Question 4: First non-zero coefficient variable in LASSO?

Run LASSO on the training data.

# all the factor variables
xfactors<- model.matrix(Exited ~ Geography + Gender + HasCrCard + IsActiveMember , data = bank.train)

# remove intercept
xfactors<-xfactors[,-1]

# all continuous variables
x<-as.matrix(data.frame(bank.train$CreditScore, bank.train$Age, bank.train$Tenure, bank.train$Balance, bank.train$NumOfProducts, bank.train$EstimatedSalary, xfactors))

lasso_bank <- glmnet(x, y=as.factor(bank.train$Exited), alpha = 1, family = "binomial", nlambda = 100)

par(mai=c(.9,.8,.8,.8))
par(mfrow=c(1,1))
plot(lasso_bank, xvar="lambda", label = TRUE, )

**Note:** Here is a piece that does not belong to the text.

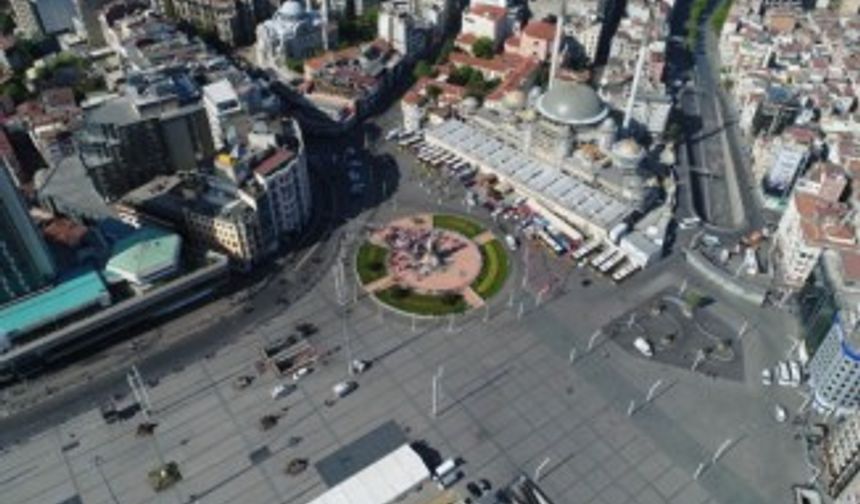 Taksim Meydanı’na çelenk bırakılması havadan görüntülendi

What is the first variable that has a non-zero coefficient as the penalty weight is gradually decreased?

dimnames(x)[2] # Age

## [[1]]
##  [1] "bank.train.CreditScore"     "bank.train.Age"            
##  [3] "bank.train.Tenure"          "bank.train.Balance"        
##  [5] "bank.train.NumOfProducts"   "bank.train.EstimatedSalary"
##  [7] "GeographyGermany"           "GeographySpain"            
##  [9] "GenderMale"                 "HasCrCard"                 
## [11] "IsActiveMember"

## First non-zero coefficient variable:  bank.train.Age  or Age

Question 5: Number of non-zero coefficients in Model

Use cross-validation to tune the penalty weight.

set.seed(19103)
lasso_cv <- cv.glmnet(x, y=bank.train$Exited, family = "binomial", type.measure = "deviance")
plot(lasso_cv)

How many non-zero coefficients (excluding the intercept) are there in this model?

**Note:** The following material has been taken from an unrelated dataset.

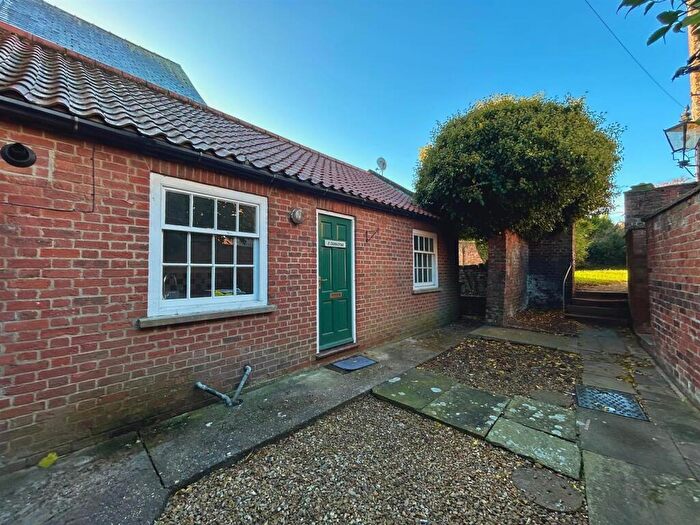 2 Bedroom Semi-Detached Bungalow To Rent In Upgate, Louth, LN11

## Number of non-zero Coefficients:  9

Question 6: What’s the OOS R2 for the LASSO model?

What’s the OOS R2 for the LASSO model?

Provide your answer with two decimals separated by a dot, not a comma (e.g. 0.12).

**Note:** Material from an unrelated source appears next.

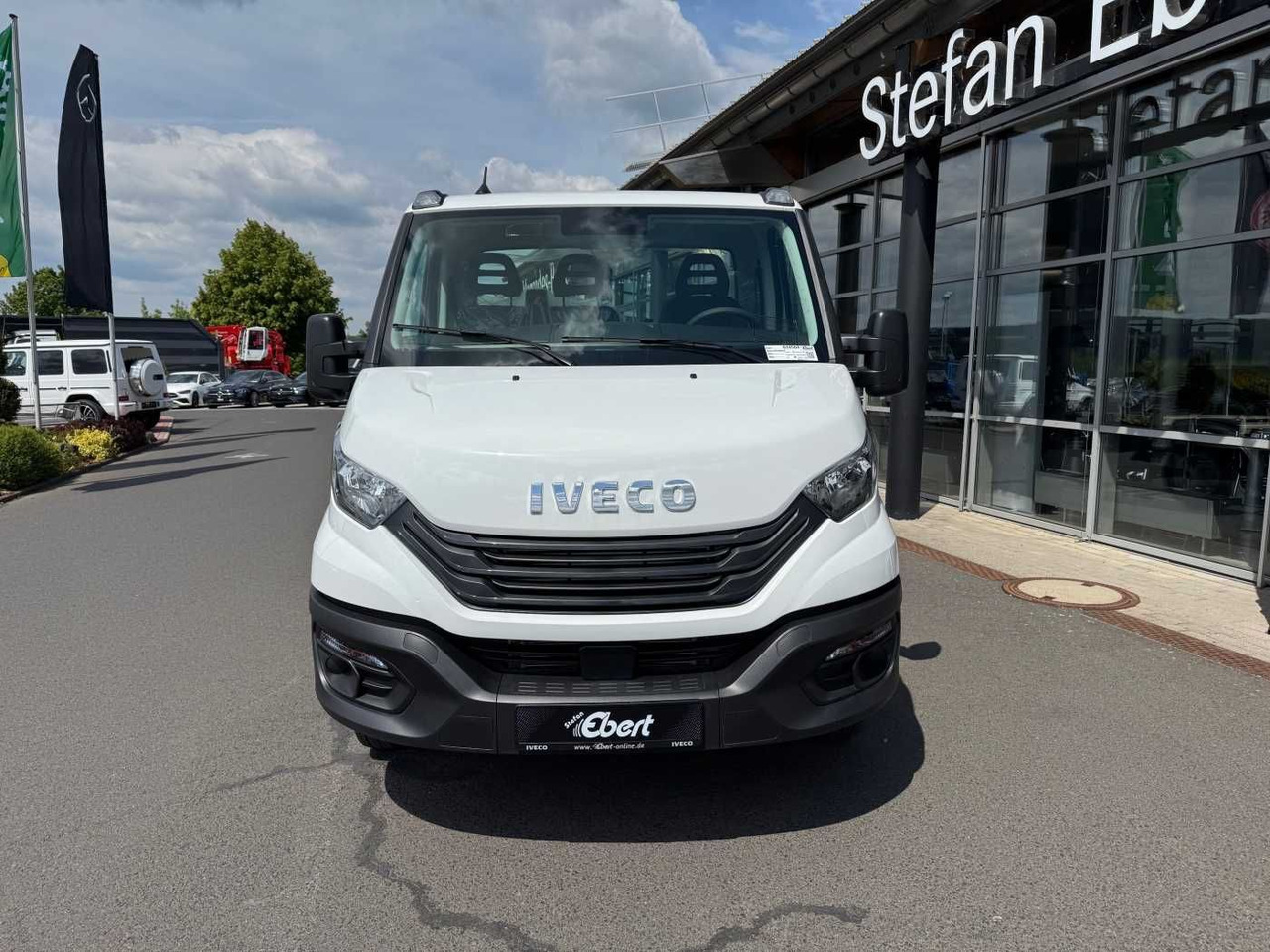 Iveco Daily 50C18 HA8 3.0L *R4.350mm*Klima*Automatik* - Camião chassi: foto 2 Iveco Daily 50C18 HA8 3.0L *R4.350mm*Klima*Automatik* - Camião chassi: foto 2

cv.glmnet() does k-fold cross-validation for glmnet. Default is nfolds = 10.

## OOS R-Squared:  0.15

Alt: We start by transforming the holdout:

# all the factor variables
xfactors<- model.matrix(Exited ~ Geography + Gender + HasCrCard + IsActiveMember , data = bank.holdout)

# remove intercept
xfactors<-xfactors[,-1]

# all continuous variables
x<-as.matrix(data.frame(bank.holdout$CreditScore, bank.holdout$Age, bank.holdout$Tenure, bank.holdout$Balance, bank.holdout$NumOfProducts, bank.holdout$EstimatedSalary, xfactors))

Now we predict:

pred <- predict(lasso_cv, newx=x,  s = "lambda.min", type = "response")
R2(y = bank.holdout$Exited,pred=pred,family="binomial")

## [1] 0.158

Hardcore

set.seed(19103)
n = nrow(bank.train)
K = 10 # # folds
foldid = rep(1:K, each=ceiling(n/K))[sample(1:n)]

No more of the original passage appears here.